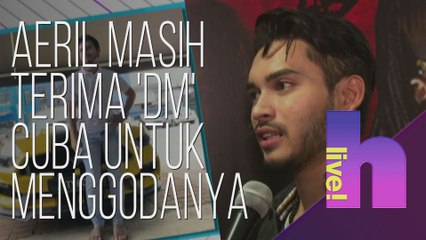hLive! - Aeril Zafrel masih terima 'DM' cuba untuk menggodanya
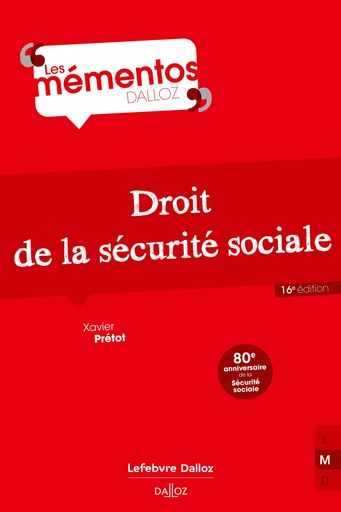 Droit de la sécurité sociale. 16e éd. (N) - Xavier Prétot - Groupe Lefebvre Dalloz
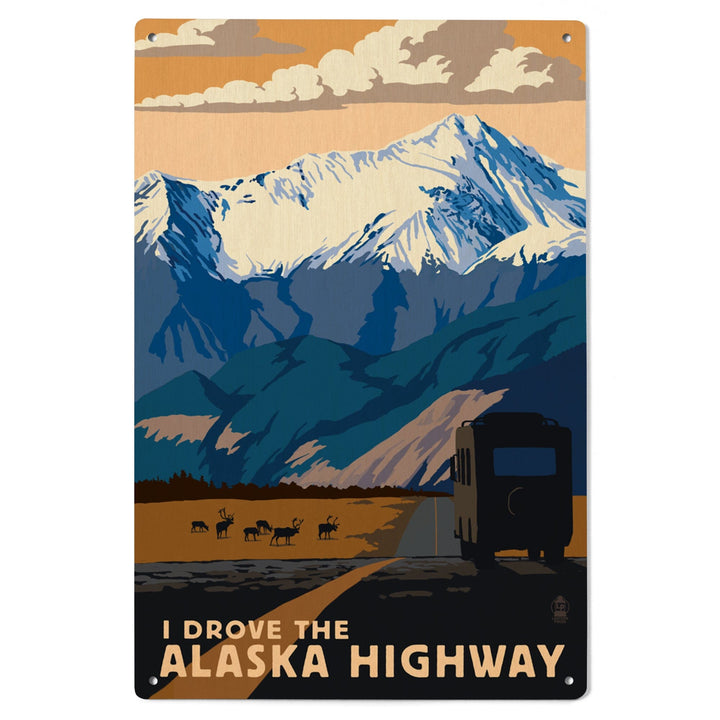 I drove the Alaska Highway, Lantern Press Artwork, Wood Signs and Postcards - Lantern Press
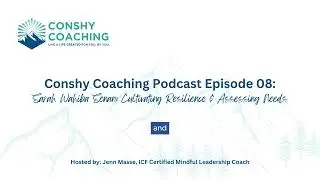 The Conshy Coaching Podcast Episode 8: Sarah Wahiba Senan_Cultivating Resilience - Assessing Needs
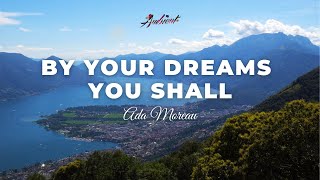 Ada Moreau - By Your Dreams You Shall [meditation classical ambient] screenshot 5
........
▶ [WORK REQUIRED]
Apart from the images, reproduce the listing exactly as it appears.

▶ [WRITTEN REPLY]
hLive! - Aeril Zafrel masih terima 'DM' cuba untuk menggodanya
 Droit de la sécurité sociale. 16e éd. (N) - Xavier Prétot - Groupe Lefebvre Dalloz
 I drove the Alaska Highway, Lantern Press Artwork, Wood Signs and Postcards - Lantern Press
 The Conshy Coaching Podcast Episode 8: Sarah Wahiba Senan_Cultivating Resilience - Assessing Needs
 Ada Moreau - By Your Dreams You Shall [meditation classical ambient] screenshot 5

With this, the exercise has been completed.